▸ **Caption-style text data**
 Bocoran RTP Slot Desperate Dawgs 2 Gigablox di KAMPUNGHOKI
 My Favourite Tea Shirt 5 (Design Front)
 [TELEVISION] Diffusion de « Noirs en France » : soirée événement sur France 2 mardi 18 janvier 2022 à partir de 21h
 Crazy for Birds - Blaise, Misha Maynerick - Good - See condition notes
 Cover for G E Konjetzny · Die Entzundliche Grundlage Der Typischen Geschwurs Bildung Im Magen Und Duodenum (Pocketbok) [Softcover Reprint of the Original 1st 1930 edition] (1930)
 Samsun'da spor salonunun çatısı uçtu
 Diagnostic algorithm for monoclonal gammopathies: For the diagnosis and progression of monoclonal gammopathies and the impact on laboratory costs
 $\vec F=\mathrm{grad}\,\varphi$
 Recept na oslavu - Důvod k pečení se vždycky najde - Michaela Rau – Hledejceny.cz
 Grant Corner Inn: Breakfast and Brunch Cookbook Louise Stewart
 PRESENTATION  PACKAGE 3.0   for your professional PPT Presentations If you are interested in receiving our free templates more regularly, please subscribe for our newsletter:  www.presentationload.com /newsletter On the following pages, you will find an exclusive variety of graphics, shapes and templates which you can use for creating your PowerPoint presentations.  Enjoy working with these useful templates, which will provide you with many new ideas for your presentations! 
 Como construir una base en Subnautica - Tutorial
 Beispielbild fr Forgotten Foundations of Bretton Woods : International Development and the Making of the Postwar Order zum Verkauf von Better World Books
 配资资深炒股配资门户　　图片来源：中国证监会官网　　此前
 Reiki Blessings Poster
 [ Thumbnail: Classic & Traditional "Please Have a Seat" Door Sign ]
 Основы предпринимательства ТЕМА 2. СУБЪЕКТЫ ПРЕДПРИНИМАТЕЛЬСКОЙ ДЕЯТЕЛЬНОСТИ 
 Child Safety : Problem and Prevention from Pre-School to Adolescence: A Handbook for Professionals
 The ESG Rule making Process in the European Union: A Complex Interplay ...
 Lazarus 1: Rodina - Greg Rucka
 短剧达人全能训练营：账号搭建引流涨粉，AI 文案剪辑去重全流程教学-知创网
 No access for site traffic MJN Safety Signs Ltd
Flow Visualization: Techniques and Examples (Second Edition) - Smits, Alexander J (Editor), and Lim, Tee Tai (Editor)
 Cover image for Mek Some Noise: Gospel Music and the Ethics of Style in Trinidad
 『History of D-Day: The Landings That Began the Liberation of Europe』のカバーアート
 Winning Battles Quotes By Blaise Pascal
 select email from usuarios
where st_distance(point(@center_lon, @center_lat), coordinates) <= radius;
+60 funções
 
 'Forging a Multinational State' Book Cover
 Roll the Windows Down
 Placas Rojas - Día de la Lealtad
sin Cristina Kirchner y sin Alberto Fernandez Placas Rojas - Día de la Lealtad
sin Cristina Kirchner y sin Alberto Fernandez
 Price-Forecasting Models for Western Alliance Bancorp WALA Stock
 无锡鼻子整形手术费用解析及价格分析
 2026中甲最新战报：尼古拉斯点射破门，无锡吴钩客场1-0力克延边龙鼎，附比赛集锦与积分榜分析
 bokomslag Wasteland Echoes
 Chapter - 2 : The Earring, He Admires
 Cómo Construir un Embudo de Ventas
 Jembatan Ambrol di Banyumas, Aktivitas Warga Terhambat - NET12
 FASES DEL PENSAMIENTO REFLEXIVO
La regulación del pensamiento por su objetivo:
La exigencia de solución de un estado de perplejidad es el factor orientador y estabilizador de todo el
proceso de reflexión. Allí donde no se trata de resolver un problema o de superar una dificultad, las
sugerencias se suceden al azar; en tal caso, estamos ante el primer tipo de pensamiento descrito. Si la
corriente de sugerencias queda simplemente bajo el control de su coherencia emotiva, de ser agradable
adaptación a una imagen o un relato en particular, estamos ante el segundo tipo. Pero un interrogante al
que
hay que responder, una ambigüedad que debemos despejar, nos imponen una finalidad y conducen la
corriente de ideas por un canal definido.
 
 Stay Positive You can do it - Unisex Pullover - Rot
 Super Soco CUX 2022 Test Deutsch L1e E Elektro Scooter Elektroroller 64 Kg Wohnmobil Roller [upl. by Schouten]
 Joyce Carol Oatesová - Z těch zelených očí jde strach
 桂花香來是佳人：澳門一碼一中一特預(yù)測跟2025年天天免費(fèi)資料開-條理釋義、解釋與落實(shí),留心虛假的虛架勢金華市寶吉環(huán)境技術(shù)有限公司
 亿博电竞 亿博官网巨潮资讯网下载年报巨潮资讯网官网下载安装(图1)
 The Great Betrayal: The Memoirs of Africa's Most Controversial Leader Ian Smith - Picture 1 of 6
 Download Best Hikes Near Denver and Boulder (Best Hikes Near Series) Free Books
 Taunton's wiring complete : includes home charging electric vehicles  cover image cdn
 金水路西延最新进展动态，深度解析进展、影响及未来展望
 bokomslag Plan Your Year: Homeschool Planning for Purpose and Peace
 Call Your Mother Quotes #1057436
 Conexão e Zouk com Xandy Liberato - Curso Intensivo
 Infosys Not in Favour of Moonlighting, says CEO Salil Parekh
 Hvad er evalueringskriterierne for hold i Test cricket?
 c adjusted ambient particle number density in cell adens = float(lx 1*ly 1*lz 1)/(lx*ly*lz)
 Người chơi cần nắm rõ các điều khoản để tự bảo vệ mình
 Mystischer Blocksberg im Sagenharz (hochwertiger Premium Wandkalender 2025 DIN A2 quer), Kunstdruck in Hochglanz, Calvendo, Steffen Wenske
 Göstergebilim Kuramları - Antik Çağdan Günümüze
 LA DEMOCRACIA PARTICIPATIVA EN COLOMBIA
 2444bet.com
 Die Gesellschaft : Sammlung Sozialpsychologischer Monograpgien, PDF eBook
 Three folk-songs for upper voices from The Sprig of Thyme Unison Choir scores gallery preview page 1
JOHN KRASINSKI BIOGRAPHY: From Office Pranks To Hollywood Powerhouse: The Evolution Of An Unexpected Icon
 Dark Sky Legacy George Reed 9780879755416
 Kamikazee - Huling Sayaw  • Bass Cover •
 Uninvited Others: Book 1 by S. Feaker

▸ **Goal of the exercise**
Each line of the records above that contains the word "Alberto" should be counted; give the resulting number without further words.

▸ **Task response**
2